The biggest challenge with any lesson that you’re trying to convey to your kids is finding a way to make it stick. Sure, you can tell them why something is important and even give them a perfect example that they are bound to understand, but this is not guaranteed. Instead, you need to be extra creative.
This is especially important when it comes to the matter of money and finances. Namely, their relationship with money needs to be established as early as possible. Knowing how to manage their money will predetermine them for success or doom them to fail in every financial endeavor.
Still, important as it may be, how does one actually pull it off? Here are some ideas to help you get going.
Use Media to Your Advantage
One of the ways to ensure that your kids have understood the information is to try and deliver it through the media. There are a lot of great cartoons that can subtly teach them about financial responsibility. For instance:
- Phineas and Ferb: The Lemonade Stand
- Arthur: Arthur’s Pet Business
- Max & Ruby: Bunny Money
The list goes on.
Fables like The Ant and The Grasshopper are another great way to send a powerful message. You see, the ant is not starving because he saved during the harvest season (while his income was high/existent).

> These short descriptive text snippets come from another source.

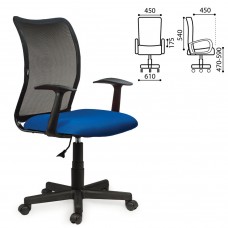 Кресло оператора Brabix Spring MG-307 сетка/ткань черно-синее TW 531404 (1)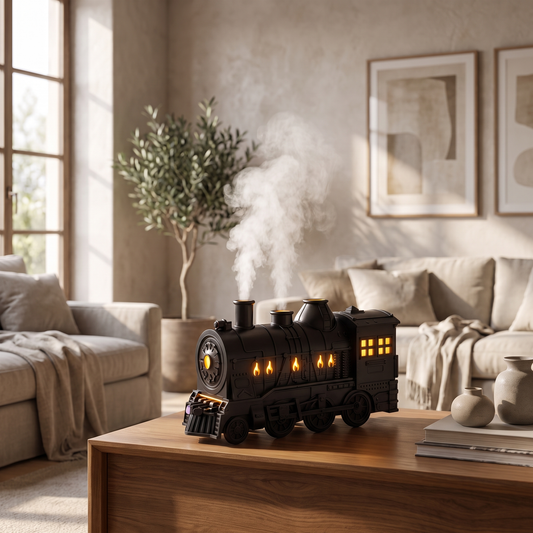 Steam Locomotive Humidifier styled in a home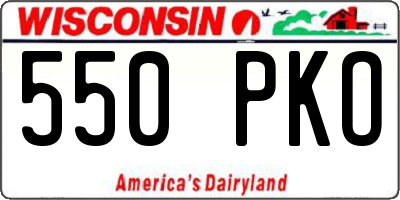 WI license plate 550PKO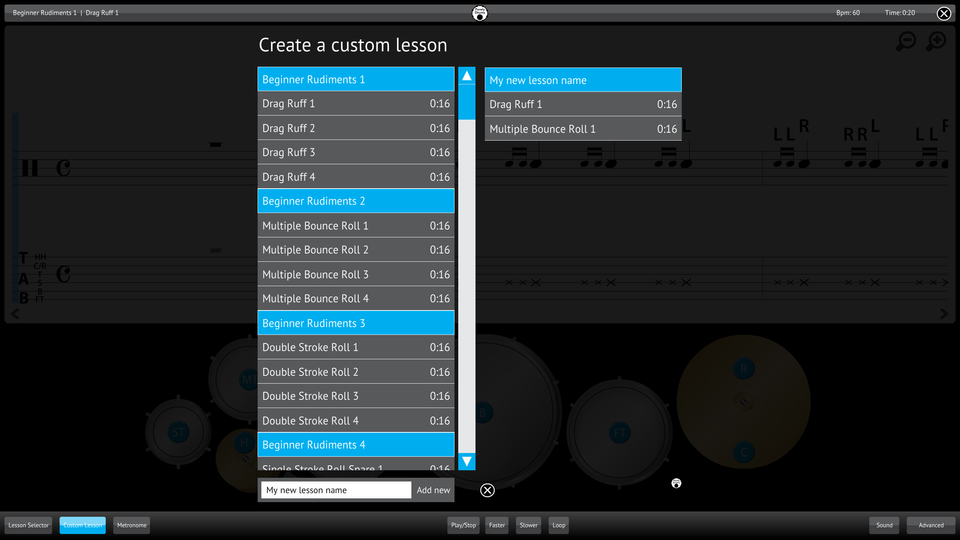 Purely Drums Screenshot Custom Lesson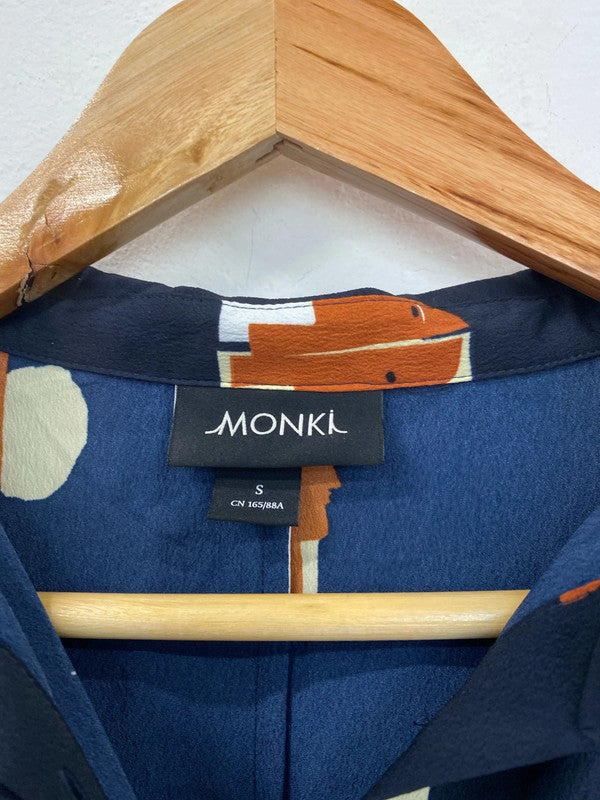 Monki Artsy Navy Faces Oversize Button Up Shirt Size S IM001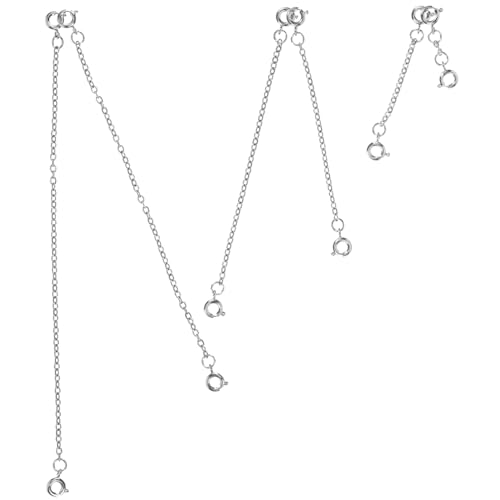 HOODANCOS 6 Stück Teiliges Silberne Kettenverlängerung für Halsketten und Armbänder Glatte Legierte DIY Schmuckverbinder Verschiedene Längen Langlebig Einfach zu Verwenden für Individuelle von HOODANCOS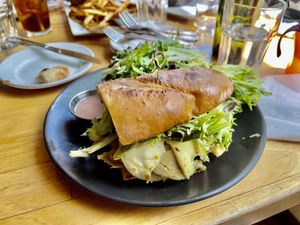 Turkey and brie with side salad and raspberry vinaigrette- one of the best sandwiches I’ve ever had  at Watercourse Foods in Denver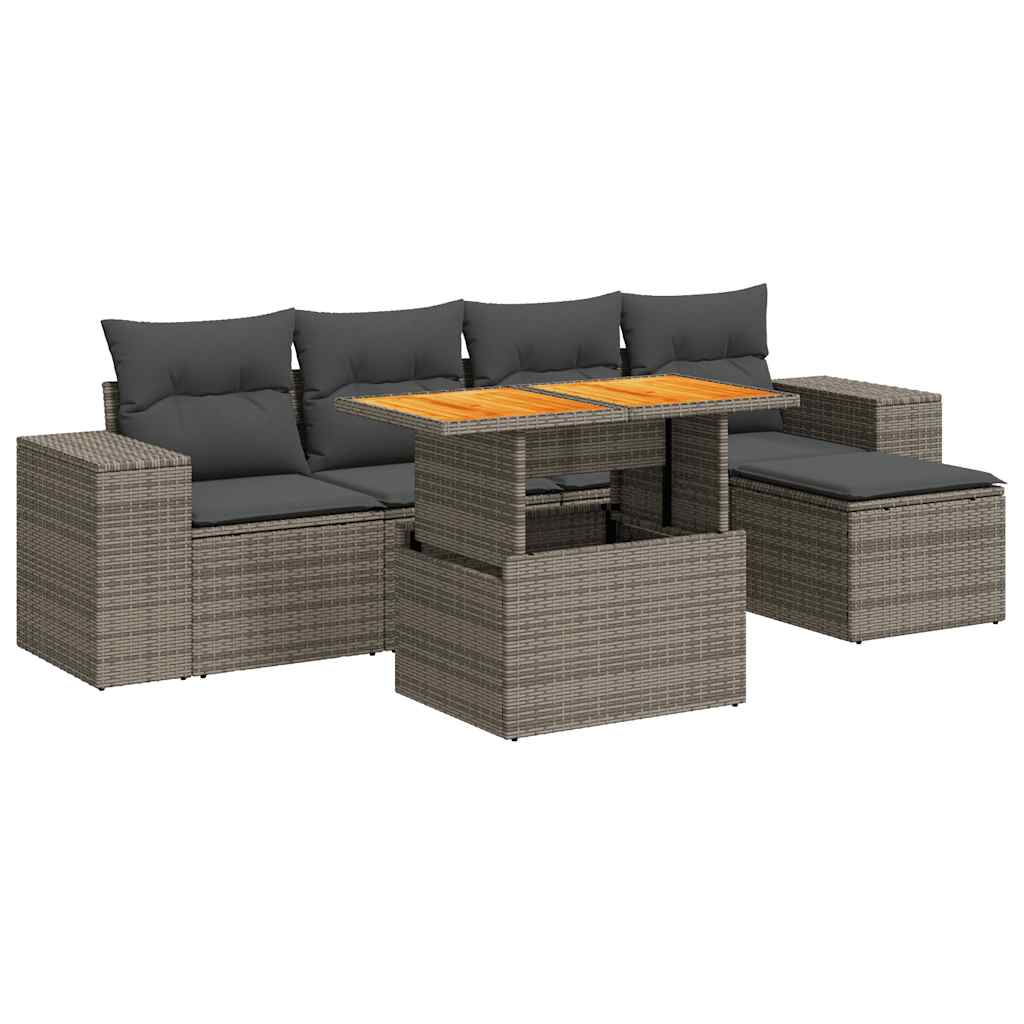 Set Divano da Giardino 6 pz con Cuscini Grigio in Polyrattan | homemem39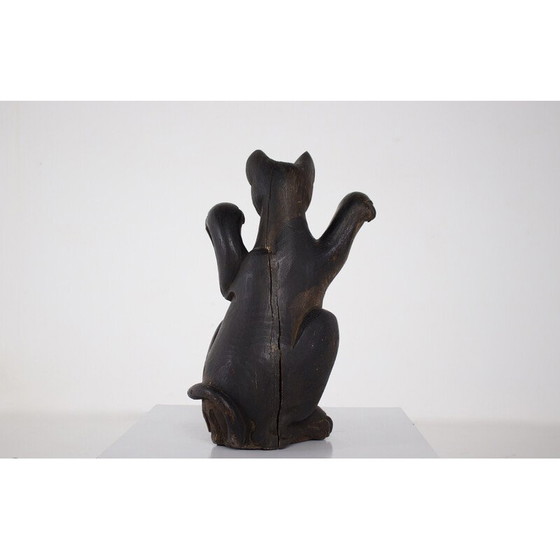 Image 1 of Vintage Maneki-Neko houten en glazen sculptuur, Japan 1850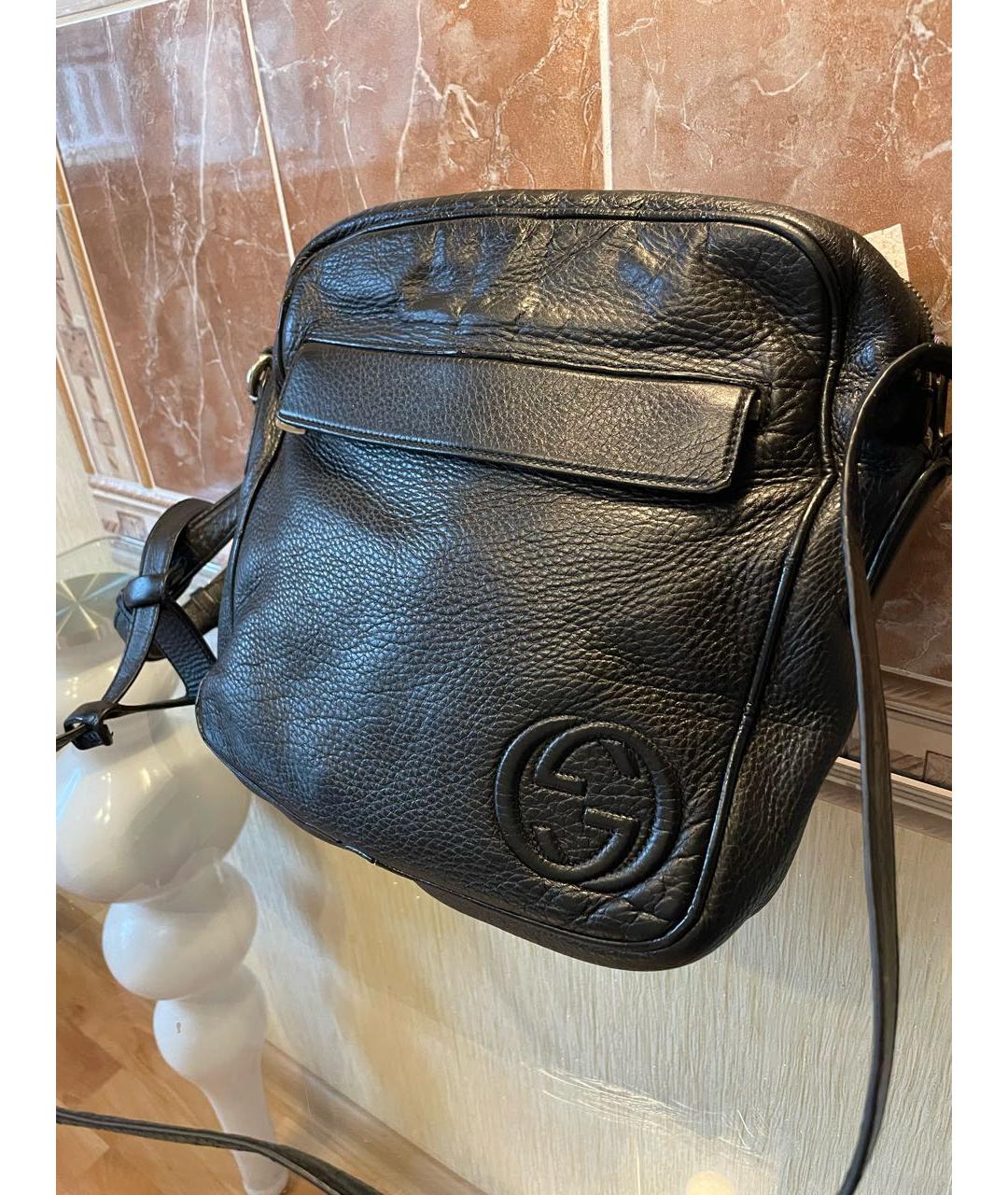 GUCCI Черная кожаная сумка на плечо, фото 3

Sometimes, even though the message is clear and masterfully inserted into the media format, your kids might have some trouble interpreting/understanding it. After all, while they might memorize everything that happens here, their reading comprehension might not still be as high. This is why you need to talk to them afterward and check if they understand what it’s all about.
Lastly, you should look for a theatre for children and see if there are any plays that fit your agenda. This old-school entertainment format might just be memorable enough for them to embrace this message even quicker.
Give Them an Allowance
You can start by giving them a bit of their own money – an allowance. This way, they have their own finances to manage. Now, it is important that you are both strict and fair. They either need to receive the same amount on a regular basis (in order to understand how regular income works) or (even better) they need to be paid based on their behavior and chores they performed.
If they want something, make sure to tell them that they should get it from their allowance. If one allowance isn’t enough, explain how they can set aside their allowance (or a percentage of their allowance) every time they receive it.
The key thing here is not to cave in and buy them the thing they want if they can’t afford it for too long. They need to save for it. It’s OK that you buy them something else. After all, there’s nothing more natural than spending money on your kid. However, this is the one example that they’re supposed to use as a valuable lesson.
In the long run, the lesson they learn will be much more useful than anything that they want you to buy (at that age). This is true even if they want something that will allow them to pursue a creative interest or passion (like buying them a camera).
Gamify the Experience
One of the ways to make all of this more interesting would be to gamify the overall money-saving experience.
For instance, you should get them an interesting piggy bank so that they have a place where they can deposit the money. Keep in mind that the younger they are, the more fun they’ll have from the very act of putting their money in the piggy bank. In fact, even adults can benefit from saving plans (like a 52-weeks saving plan).
Video games can also play a huge role in teaching them financial responsibility. After all, strategy and RPG video games have their own currencies and their own economy. Some MMO (massively multiplayer online) even have their own financial systems and currencies that evolve and, in many ways, act like the real economy.
If you have more than one child, you can even turn this into a competition. The key thing is that they have so much fun that they fail to realize that they’re learning in the process. This task is not easy to achieve, but it’s possible with the right organization and motivation.
Be Honest About Money
Many parents believe that by sheltering their children from the hard reality of financial life, they’re doing them a favor. This is not necessarily the case.
- You see, telling your kids that they can’t get something because it’s not a priority is a good thing.
- Telling them that they need to wait until your next paycheck before you buy them something is also a good lesson (even if things are not necessarily so dire financially).
- Telling them that they’ll get something once their behavior improves or once they earn it is one of the best stances that you can assume in this situation.
The thing is that you’re telling them the truth. Sure, they shouldn’t worry about the money while they’re too young, but one’s budget and financial health are generally a serious matter. At the very least, they need to be aware of the fact that it’s something worth worrying about.
Solving all of their issues as soon as they pop up, never making them work for anything, and intervening whenever they start crying is bad. It will teach them a model that will be completely unsustainable once they reach a certain age.
In the end, you need to understand a couple of things. First, they’re never too young to start learning about the value of money. Two, this is your responsibility, and while there is a chance that someone else will step up, you should never pass on something so important to someone else. Lastly, you’re doing your child a huge favor, one that they will be thankful for, for the rest of their lives. Therefore, there are no higher priorities.